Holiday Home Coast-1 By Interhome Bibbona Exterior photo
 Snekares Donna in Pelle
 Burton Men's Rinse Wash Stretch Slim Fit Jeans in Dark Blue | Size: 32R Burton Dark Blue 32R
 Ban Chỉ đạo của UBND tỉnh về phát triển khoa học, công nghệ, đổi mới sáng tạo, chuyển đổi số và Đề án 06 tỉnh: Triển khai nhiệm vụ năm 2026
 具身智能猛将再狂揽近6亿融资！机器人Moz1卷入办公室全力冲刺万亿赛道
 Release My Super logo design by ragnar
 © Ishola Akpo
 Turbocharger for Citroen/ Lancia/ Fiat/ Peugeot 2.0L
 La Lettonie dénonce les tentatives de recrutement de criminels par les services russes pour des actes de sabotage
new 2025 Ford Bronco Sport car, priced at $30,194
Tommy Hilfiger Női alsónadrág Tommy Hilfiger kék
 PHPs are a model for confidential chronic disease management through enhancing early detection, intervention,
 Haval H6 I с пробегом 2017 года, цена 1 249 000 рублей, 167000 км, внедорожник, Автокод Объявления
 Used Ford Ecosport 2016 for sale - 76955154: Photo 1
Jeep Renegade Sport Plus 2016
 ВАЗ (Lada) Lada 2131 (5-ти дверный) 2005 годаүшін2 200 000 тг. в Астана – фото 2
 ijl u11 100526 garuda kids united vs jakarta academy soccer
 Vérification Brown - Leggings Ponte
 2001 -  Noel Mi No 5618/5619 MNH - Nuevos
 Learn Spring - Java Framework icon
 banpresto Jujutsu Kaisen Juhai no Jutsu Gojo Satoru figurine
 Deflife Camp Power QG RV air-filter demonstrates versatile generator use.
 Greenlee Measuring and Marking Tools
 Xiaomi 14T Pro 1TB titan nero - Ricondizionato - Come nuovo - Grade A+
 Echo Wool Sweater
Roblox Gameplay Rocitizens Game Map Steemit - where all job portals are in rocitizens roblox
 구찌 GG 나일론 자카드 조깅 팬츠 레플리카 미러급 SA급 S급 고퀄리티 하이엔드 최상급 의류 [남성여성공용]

· · · · · · ·

» **WORK REQUIRED**: Reproduce the full set of records precisely.

» **WRITTEN ANSWER**:
Holiday Home Coast-1 By Interhome Bibbona Exterior photo
 Snekares Donna in Pelle
 Burton Men's Rinse Wash Stretch Slim Fit Jeans in Dark Blue | Size: 32R Burton Dark Blue 32R
 Ban Chỉ đạo của UBND tỉnh về phát triển khoa học, công nghệ, đổi mới sáng tạo, chuyển đổi số và Đề án 06 tỉnh: Triển khai nhiệm vụ năm 2026
 具身智能猛将再狂揽近6亿融资！机器人Moz1卷入办公室全力冲刺万亿赛道
 Release My Super logo design by ragnar
 © Ishola Akpo
 Turbocharger for Citroen/ Lancia/ Fiat/ Peugeot 2.0L
 La Lettonie dénonce les tentatives de recrutement de criminels par les services russes pour des actes de sabotage
new 2025 Ford Bronco Sport car, priced at $30,194
Tommy Hilfiger Női alsónadrág Tommy Hilfiger kék
 PHPs are a model for confidential chronic disease management through enhancing early detection, intervention,
 Haval H6 I с пробегом 2017 года, цена 1 249 000 рублей, 167000 км, внедорожник, Автокод Объявления
 Used Ford Ecosport 2016 for sale - 76955154: Photo 1
Jeep Renegade Sport Plus 2016
 ВАЗ (Lada) Lada 2131 (5-ти дверный) 2005 годаүшін2 200 000 тг. в Астана – фото 2
 ijl u11 100526 garuda kids united vs jakarta academy soccer
 Vérification Brown - Leggings Ponte
 2001 -  Noel Mi No 5618/5619 MNH - Nuevos
 Learn Spring - Java Framework icon
 banpresto Jujutsu Kaisen Juhai no Jutsu Gojo Satoru figurine
 Deflife Camp Power QG RV air-filter demonstrates versatile generator use.
 Greenlee Measuring and Marking Tools
 Xiaomi 14T Pro 1TB titan nero - Ricondizionato - Come nuovo - Grade A+
 Echo Wool Sweater
Roblox Gameplay Rocitizens Game Map Steemit - where all job portals are in rocitizens roblox
 구찌 GG 나일론 자카드 조깅 팬츠 레플리카 미러급 SA급 S급 고퀄리티 하이엔드 최상급 의류 [남성여성공용]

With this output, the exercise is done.